• TASK PROMPT:
Retype the lines below exactly, but only those from the line that has "Мелкая сыпь на спине у двух детей и матери" through the line that has "Vibha skin, hair and laser cli". Omit every picture.

*** PROVIDED ENTRIES Section Begins ***

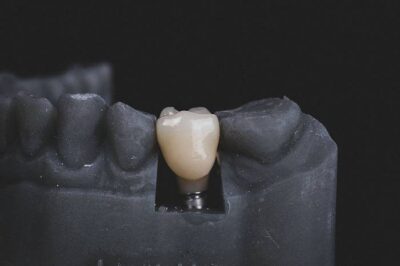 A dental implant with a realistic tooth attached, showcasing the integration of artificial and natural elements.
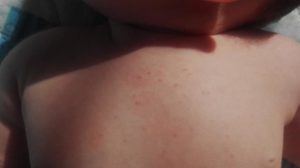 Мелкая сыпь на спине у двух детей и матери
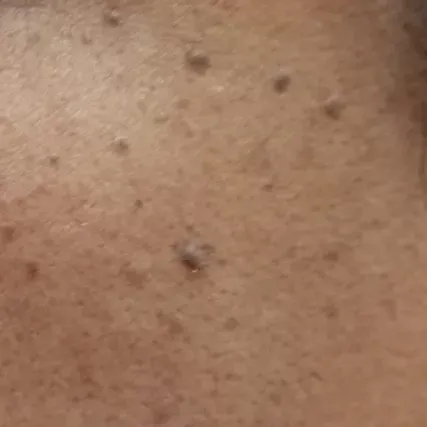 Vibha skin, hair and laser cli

*** PROVIDED ENTRIES Section Ends ***
*** PROVIDED ENTRIES Section Begins ***

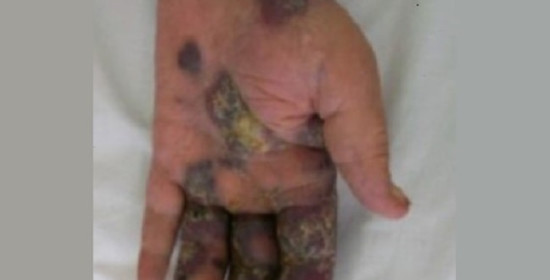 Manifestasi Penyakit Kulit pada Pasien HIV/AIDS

*** PROVIDED ENTRIES Section Ends ***
*** PROVIDED ENTRIES Section Begins ***

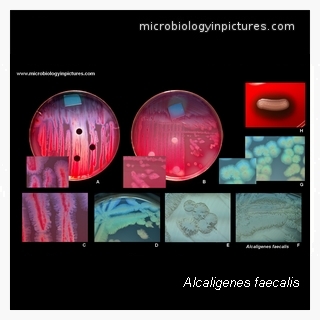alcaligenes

*** PROVIDED ENTRIES Section Ends ***

• EXERCISE SOLUTION:
 Мелкая сыпь на спине у двух детей и матери
 Vibha skin, hair and laser cli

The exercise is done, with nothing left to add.